- Your task: Starting at the line containing "Hello again my" and ending at the line containing "To start the", transcribe the listing below exactly. Keep both end lines, skip the pictures, and copy nothing else.

- Supplied material:
------------------------------------------------
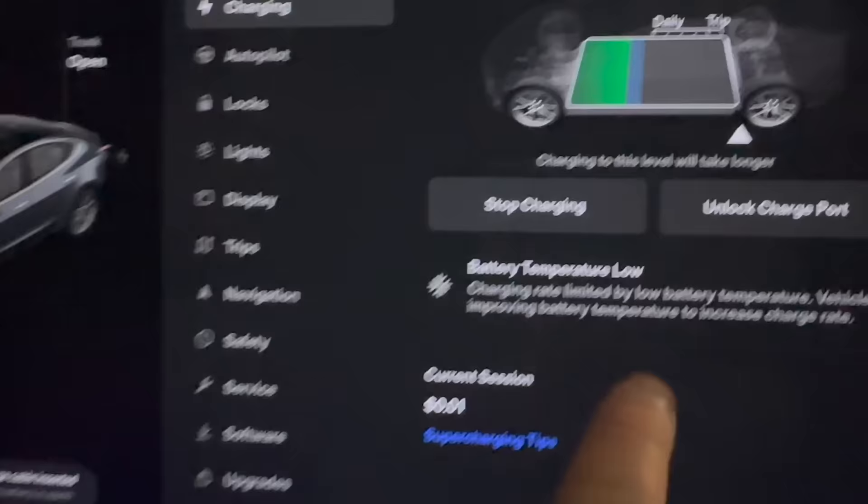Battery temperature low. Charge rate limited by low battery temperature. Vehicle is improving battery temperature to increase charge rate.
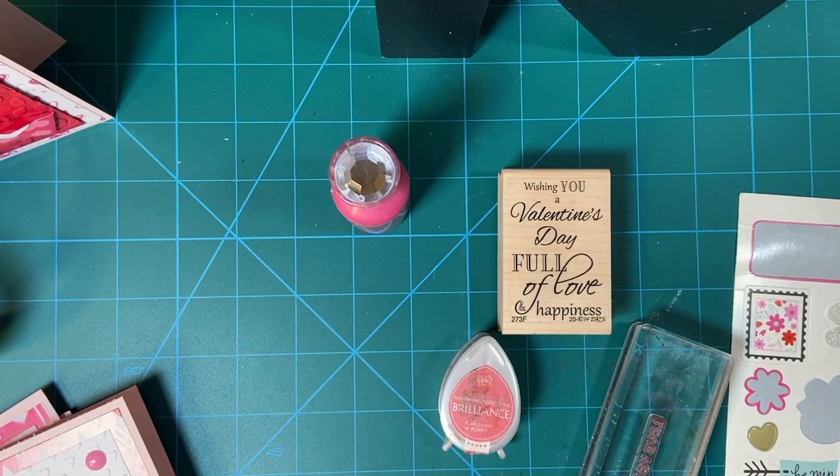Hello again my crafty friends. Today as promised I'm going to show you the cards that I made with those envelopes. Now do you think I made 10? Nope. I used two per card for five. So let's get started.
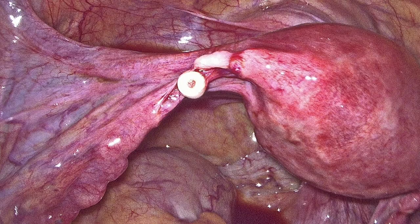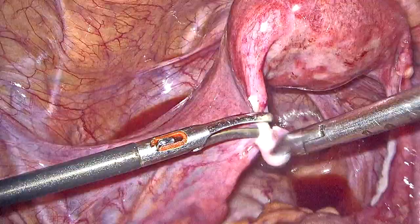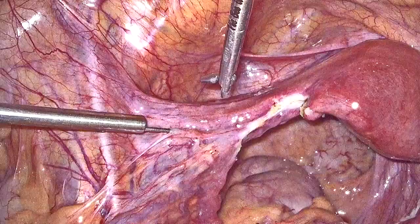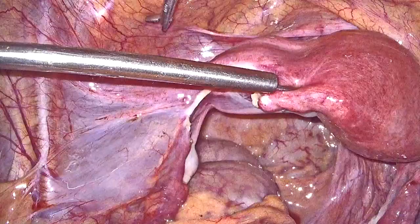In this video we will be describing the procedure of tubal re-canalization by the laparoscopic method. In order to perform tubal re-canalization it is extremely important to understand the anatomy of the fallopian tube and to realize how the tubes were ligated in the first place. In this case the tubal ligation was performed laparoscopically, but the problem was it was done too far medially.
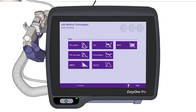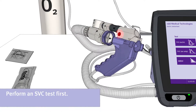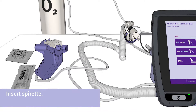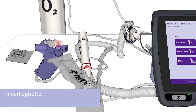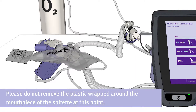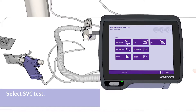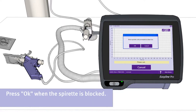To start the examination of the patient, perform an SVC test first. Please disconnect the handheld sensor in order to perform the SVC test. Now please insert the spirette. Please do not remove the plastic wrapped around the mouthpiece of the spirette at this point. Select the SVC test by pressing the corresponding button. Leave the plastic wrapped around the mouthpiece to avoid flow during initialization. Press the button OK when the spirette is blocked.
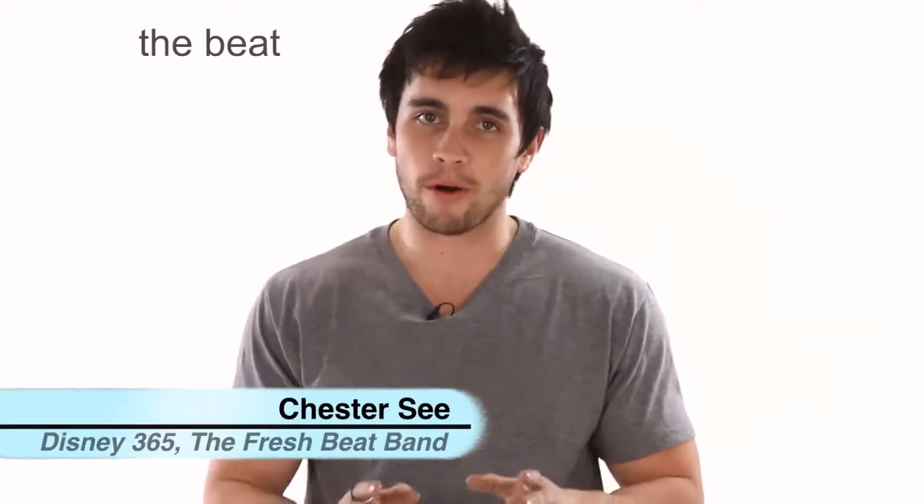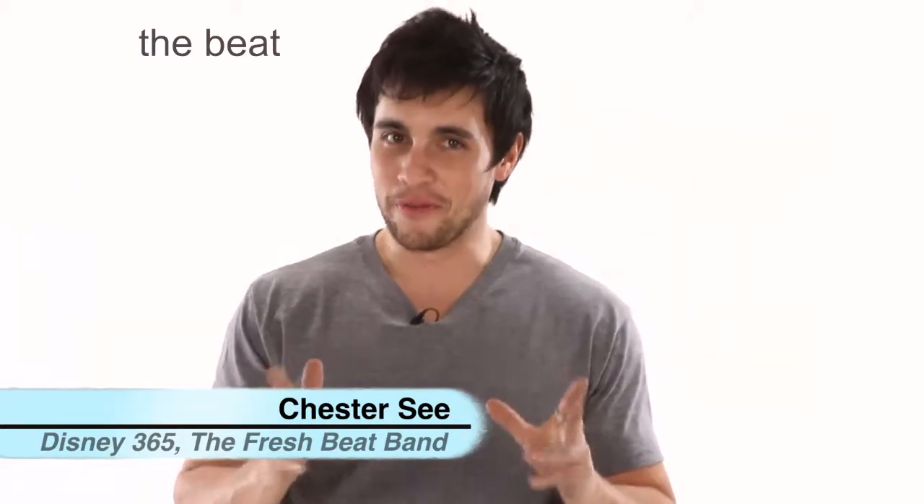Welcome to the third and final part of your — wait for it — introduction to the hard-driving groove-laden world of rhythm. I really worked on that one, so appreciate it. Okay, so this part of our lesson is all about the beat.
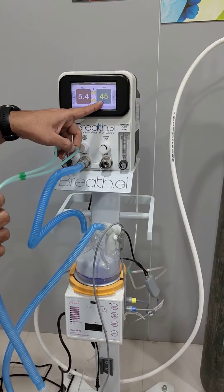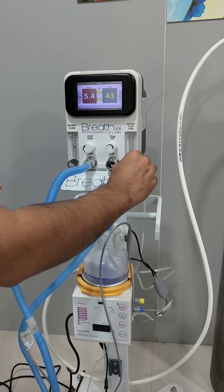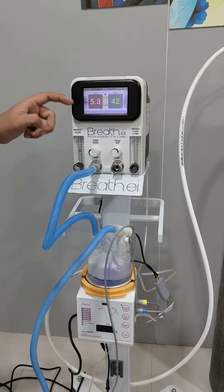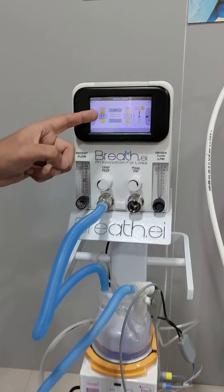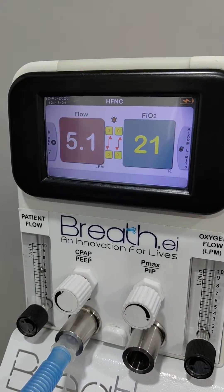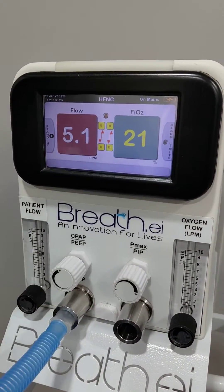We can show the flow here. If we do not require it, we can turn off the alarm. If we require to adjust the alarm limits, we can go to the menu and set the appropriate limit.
------------------------------------------------
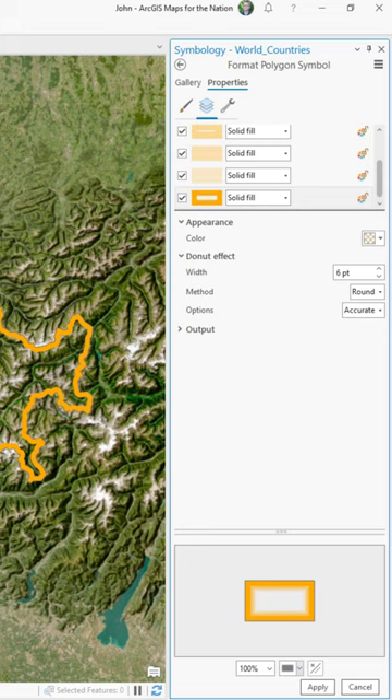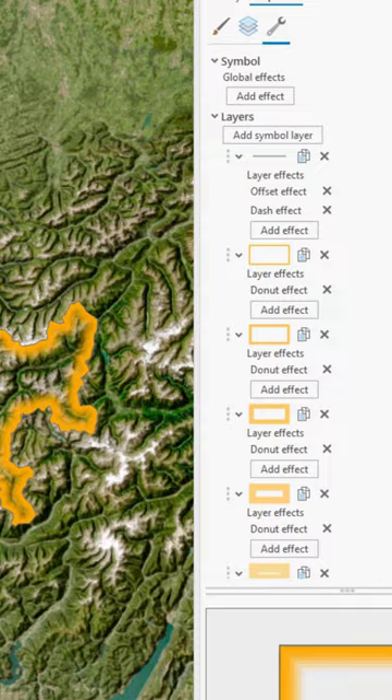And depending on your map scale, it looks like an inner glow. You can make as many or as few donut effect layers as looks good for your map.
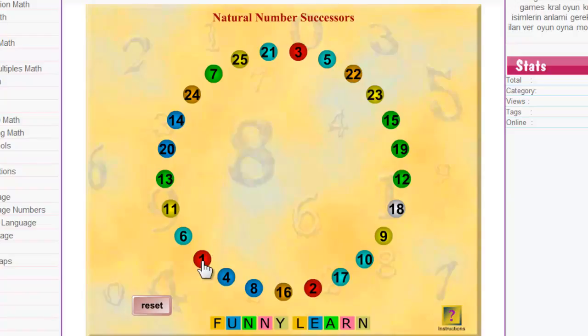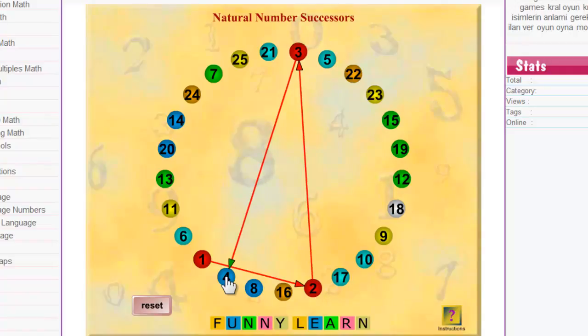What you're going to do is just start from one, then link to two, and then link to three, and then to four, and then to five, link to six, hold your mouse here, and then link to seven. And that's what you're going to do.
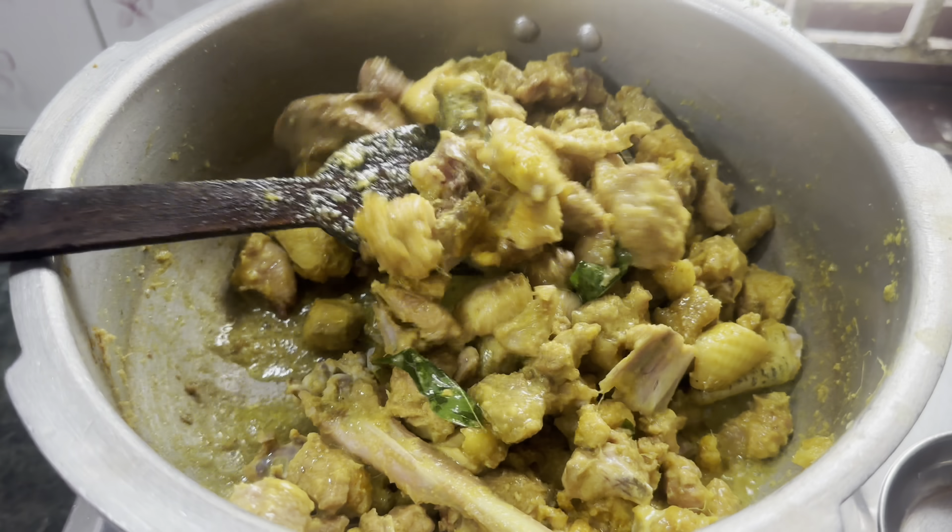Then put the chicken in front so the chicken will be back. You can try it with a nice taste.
------------------------------------------------
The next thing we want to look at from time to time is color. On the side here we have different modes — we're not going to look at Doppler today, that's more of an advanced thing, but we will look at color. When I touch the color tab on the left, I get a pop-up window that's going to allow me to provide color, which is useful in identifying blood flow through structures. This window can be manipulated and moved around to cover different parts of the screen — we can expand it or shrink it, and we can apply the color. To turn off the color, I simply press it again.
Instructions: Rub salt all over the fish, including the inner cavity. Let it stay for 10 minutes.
------------------------------------------------
- Solution:
Hello again my crafty friends. Today as promised I'm going to show you the cards that I made with those envelopes. Now do you think I made 10? Nope. I used two per card for five. So let's get started.
In this video we will be describing the procedure of tubal re-canalization by the laparoscopic method. In order to perform tubal re-canalization it is extremely important to understand the anatomy of the fallopian tube and to realize how the tubes were ligated in the first place. In this case the tubal ligation was performed laparoscopically, but the problem was it was done too far medially.
To start the examination of the patient, perform an SVC test first. Please disconnect the handheld sensor in order to perform the SVC test. Now please insert the spirette. Please do not remove the plastic wrapped around the mouthpiece of the spirette at this point. Select the SVC test by pressing the corresponding button. Leave the plastic wrapped around the mouthpiece to avoid flow during initialization. Press the button OK when the spirette is blocked.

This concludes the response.